PROBLEM DETAILS: Repeat the data that follows exactly, starting at the line with "DOOM 4 Gameplay" and ending at the line with "Nouveau et Original", and leave out every picture.

MATERIALS PROVIDED:
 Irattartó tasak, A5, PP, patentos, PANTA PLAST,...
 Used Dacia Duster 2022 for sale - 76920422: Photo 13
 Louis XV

...

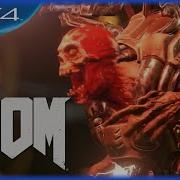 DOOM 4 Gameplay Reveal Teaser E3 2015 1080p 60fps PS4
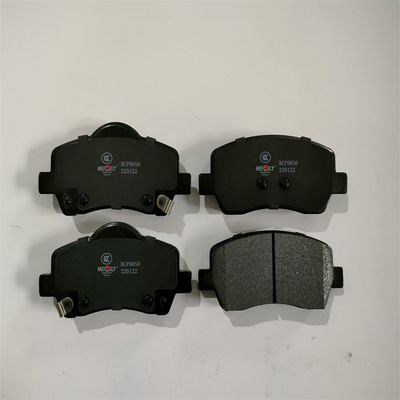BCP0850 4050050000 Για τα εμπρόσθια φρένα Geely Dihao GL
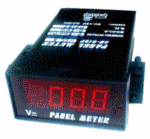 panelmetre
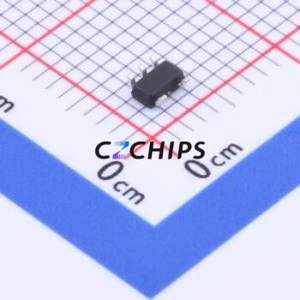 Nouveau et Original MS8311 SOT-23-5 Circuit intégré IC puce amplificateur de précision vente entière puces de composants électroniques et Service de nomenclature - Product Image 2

OUTPUT OF THE EXERCISE:
 DOOM 4 Gameplay Reveal Teaser E3 2015 1080p 60fps PS4
BCP0850 4050050000 Για τα εμπρόσθια φρένα Geely Dihao GL
 panelmetre
 Nouveau et Original MS8311 SOT-23-5 Circuit intégré IC puce amplificateur de précision vente entière puces de composants électroniques et Service de nomenclature - Product Image 2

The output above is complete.